Fields of Asphodel
- Cover of first edition
- Author: Tito Perdue
- Language: English
- Publisher: The Overlook Press
- Publication date: 19 July 2007
- Publication place: United States
- Pages: 252
- ISBN: 9781585678716

= Fields of Asphodel =

2007 American novel

Fields of Asphodel is a 2007 novel by the American writer Tito Perdue. It picks up the story of Leland "Lee" Pefley where Perdue's first novel, Lee, left off.

==Publication history==
The novel was first published in 2007 by the Overlook Press simultaneously with the reissue of Perdue's first novel, Lee. A new edition was published by Standard American in 2023.

==Reception==
Publishers Weekly praises the book's "funny scenes and arresting lines." In the Los Angeles Times, Antoine Wilson praises its "utterly charming and brilliantly comic penultimate scene" but also complains of "tone-deaf caricature" in passages where "satirical elements take center stage."

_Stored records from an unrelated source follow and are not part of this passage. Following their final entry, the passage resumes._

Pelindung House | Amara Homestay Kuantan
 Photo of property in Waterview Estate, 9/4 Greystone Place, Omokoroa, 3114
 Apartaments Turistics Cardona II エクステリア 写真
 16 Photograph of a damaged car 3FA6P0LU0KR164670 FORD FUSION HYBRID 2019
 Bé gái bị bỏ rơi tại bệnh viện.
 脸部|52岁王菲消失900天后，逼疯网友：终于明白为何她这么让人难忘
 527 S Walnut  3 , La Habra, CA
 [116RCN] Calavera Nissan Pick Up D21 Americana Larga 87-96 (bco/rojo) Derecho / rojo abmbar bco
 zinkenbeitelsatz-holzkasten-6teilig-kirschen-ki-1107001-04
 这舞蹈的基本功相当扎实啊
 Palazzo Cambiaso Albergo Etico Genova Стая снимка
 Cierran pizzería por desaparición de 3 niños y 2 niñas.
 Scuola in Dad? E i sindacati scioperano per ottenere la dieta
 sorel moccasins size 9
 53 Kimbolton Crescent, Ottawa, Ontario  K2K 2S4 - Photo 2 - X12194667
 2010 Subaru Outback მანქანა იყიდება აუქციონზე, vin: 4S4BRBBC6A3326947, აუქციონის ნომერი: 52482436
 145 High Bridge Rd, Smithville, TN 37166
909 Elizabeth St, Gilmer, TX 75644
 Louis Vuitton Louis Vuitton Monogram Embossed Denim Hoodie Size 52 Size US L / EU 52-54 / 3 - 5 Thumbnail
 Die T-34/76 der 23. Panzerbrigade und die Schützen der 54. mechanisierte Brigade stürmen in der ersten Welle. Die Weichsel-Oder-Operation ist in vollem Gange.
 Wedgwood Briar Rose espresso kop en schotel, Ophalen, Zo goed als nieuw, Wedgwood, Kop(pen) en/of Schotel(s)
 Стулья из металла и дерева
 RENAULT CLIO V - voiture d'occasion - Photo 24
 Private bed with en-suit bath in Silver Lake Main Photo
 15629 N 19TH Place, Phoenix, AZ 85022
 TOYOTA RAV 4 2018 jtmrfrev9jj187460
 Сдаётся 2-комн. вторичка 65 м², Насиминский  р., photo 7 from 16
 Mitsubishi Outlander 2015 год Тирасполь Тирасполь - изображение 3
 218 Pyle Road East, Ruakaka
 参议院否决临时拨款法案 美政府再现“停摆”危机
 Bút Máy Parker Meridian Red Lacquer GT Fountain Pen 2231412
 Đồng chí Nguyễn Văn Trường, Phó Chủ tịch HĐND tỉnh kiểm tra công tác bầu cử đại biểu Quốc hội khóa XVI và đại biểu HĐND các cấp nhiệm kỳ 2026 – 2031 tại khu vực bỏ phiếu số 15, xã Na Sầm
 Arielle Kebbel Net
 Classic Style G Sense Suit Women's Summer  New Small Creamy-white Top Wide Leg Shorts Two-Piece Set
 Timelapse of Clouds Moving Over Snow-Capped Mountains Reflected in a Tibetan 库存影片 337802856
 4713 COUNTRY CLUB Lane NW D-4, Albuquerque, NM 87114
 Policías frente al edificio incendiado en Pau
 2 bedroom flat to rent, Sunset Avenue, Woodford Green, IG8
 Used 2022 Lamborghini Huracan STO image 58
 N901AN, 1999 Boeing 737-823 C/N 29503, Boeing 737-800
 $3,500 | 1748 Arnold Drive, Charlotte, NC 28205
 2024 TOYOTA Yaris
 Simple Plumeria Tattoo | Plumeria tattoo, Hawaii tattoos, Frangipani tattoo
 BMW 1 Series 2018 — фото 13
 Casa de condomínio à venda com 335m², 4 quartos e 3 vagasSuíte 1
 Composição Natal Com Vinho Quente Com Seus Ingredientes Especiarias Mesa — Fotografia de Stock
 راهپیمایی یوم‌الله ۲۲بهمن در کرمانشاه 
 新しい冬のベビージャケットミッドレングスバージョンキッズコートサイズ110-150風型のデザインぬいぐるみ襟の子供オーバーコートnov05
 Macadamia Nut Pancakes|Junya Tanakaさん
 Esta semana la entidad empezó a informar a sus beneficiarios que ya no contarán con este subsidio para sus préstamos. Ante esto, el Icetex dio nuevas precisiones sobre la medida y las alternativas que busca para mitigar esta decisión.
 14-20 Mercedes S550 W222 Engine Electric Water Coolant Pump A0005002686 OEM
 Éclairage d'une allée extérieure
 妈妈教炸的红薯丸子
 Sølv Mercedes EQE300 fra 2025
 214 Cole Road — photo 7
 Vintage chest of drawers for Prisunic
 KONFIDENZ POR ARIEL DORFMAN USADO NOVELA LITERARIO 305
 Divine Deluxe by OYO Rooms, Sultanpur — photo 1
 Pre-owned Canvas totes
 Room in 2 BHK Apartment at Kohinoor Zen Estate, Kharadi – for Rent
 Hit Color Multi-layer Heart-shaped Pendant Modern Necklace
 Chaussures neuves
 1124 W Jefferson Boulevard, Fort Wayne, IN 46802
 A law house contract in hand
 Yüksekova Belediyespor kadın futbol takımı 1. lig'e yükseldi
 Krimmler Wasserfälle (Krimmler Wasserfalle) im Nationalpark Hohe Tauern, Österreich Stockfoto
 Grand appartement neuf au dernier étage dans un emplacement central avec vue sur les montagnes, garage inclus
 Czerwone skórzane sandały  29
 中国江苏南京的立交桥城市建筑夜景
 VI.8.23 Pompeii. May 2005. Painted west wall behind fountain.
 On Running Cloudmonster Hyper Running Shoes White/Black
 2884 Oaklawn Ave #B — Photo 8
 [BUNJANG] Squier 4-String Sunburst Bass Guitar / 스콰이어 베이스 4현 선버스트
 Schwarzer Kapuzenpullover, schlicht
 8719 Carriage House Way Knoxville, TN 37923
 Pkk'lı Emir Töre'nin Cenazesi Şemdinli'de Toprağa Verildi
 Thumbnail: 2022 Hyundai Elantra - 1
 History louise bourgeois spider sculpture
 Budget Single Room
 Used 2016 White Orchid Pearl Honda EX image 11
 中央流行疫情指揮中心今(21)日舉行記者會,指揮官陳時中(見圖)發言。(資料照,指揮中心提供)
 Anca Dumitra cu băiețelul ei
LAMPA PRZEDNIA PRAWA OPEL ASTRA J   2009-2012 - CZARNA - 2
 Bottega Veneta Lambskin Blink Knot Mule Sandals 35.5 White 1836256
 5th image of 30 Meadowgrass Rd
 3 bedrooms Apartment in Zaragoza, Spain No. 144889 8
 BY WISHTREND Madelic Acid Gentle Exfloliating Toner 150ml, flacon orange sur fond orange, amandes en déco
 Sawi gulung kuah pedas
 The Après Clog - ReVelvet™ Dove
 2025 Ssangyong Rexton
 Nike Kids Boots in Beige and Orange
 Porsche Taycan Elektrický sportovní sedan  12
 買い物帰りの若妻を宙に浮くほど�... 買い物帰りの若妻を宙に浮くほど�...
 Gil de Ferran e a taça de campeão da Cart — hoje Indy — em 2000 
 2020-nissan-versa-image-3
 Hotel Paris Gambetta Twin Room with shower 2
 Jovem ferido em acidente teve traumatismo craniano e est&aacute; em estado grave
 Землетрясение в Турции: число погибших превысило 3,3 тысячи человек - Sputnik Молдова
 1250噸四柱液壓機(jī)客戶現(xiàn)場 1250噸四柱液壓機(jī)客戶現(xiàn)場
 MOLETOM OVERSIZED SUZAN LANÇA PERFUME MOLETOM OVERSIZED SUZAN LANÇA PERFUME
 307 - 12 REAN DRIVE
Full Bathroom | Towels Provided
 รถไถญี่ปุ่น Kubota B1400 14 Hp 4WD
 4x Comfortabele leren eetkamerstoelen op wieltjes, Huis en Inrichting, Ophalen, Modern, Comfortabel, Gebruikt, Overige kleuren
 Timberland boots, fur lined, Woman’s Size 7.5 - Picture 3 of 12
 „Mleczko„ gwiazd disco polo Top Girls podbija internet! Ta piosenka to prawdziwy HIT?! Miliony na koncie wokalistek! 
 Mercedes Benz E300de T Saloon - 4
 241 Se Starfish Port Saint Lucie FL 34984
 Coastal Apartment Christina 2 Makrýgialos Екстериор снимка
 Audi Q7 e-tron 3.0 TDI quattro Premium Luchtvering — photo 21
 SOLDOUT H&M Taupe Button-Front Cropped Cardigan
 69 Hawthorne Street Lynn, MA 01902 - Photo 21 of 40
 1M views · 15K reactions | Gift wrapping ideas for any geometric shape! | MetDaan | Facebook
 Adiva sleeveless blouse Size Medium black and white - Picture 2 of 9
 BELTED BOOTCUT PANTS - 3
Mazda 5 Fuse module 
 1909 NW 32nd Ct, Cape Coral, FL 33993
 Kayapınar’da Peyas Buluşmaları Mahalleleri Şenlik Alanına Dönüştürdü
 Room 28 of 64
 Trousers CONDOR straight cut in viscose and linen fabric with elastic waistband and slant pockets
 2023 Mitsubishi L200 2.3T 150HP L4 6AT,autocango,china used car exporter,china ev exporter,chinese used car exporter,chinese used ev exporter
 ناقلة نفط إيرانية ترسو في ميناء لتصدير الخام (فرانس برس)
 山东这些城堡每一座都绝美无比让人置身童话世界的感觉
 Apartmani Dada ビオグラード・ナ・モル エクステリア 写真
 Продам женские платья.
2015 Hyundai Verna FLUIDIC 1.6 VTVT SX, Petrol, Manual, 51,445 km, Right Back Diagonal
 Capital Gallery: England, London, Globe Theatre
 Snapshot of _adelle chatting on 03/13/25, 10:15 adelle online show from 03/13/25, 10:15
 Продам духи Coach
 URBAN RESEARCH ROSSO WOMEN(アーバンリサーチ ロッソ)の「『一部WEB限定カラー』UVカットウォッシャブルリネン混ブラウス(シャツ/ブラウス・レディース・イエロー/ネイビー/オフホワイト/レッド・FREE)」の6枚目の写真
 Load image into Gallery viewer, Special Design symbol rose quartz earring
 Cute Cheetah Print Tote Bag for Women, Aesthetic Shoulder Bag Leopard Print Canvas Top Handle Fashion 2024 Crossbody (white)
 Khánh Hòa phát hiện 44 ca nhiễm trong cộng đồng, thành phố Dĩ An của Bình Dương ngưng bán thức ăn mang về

Both Kirkus Reviews and Publishers Weekly compare the novel to those of Samuel Beckett; but the latter finds that it lacks Beckett's "lyricism."

In the Quarterly Review, Derek Turner judges it "without a doubt the strangest" of Perdue's books yet published. Don Noble notes its "highly literate, idiosyncratic diction," while Turner finds it "difficult to know how to do justice to a book that combines ... courtly archaisms with crude street slang ... philosophical points ... with haemorrhoid-related humour."

==Series==
The main character, Lee Pefley, and his forebears appear in many of Perdue's novels.